**WHAT NEEDS TO BE DONE:**
The line with "A Free Beauty" starts the range, and the last line of the listing ends it. Retype that range exactly, without pictures.

Segment Start: DATASET SECTION

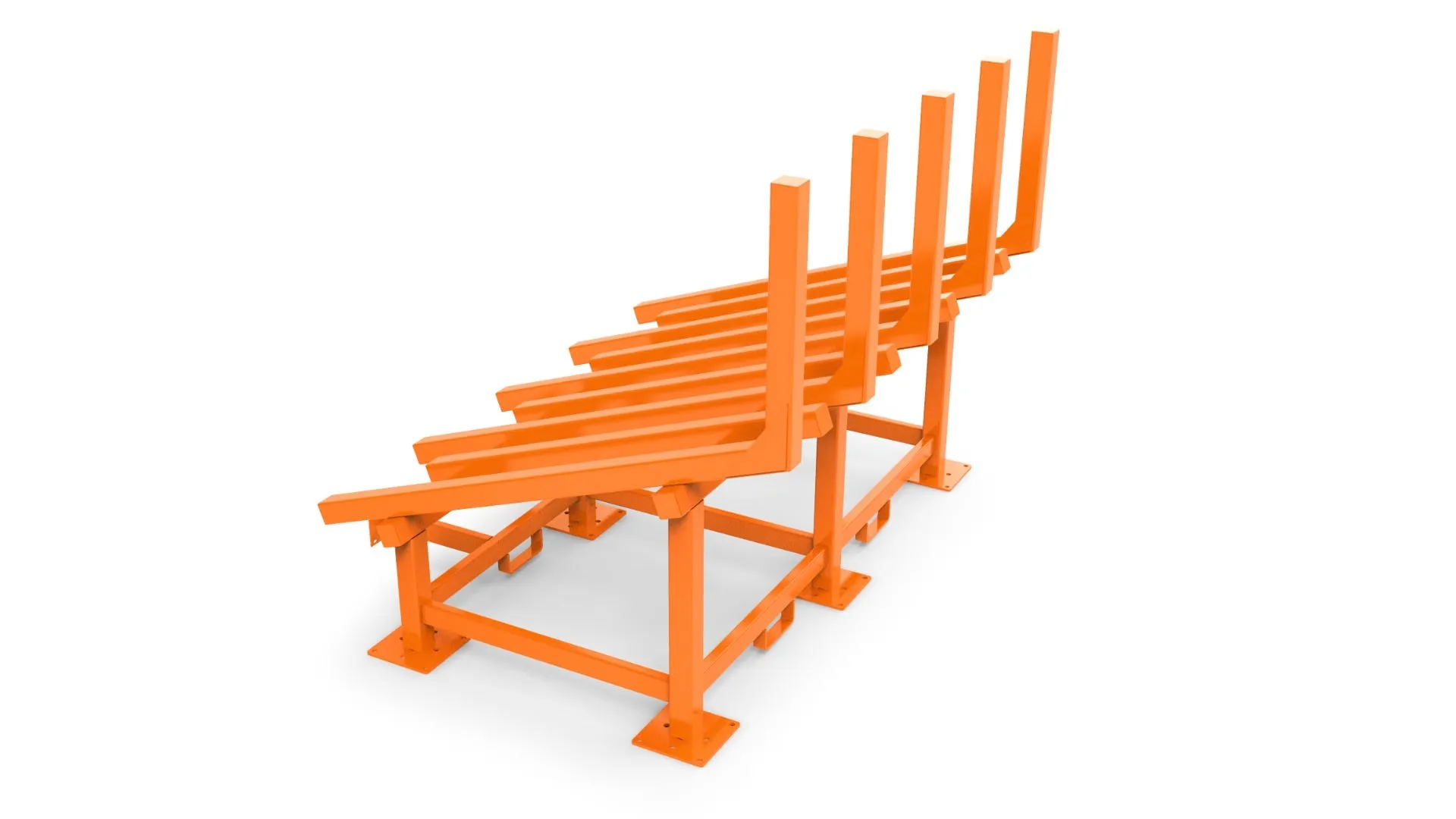 Wood-Mizer log ramp, studio render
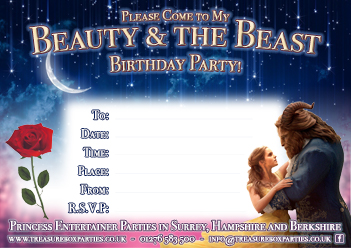 A Free Beauty and the Beast Birthday Party Invitation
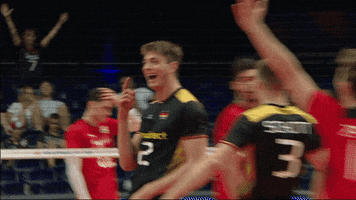 Germany Yes GIF by Volleyball World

Segment End: DATASET SECTION

**SOLUTION TO THIS PROBLEM:**
 A Free Beauty and the Beast Birthday Party Invitation
 Germany Yes GIF by Volleyball World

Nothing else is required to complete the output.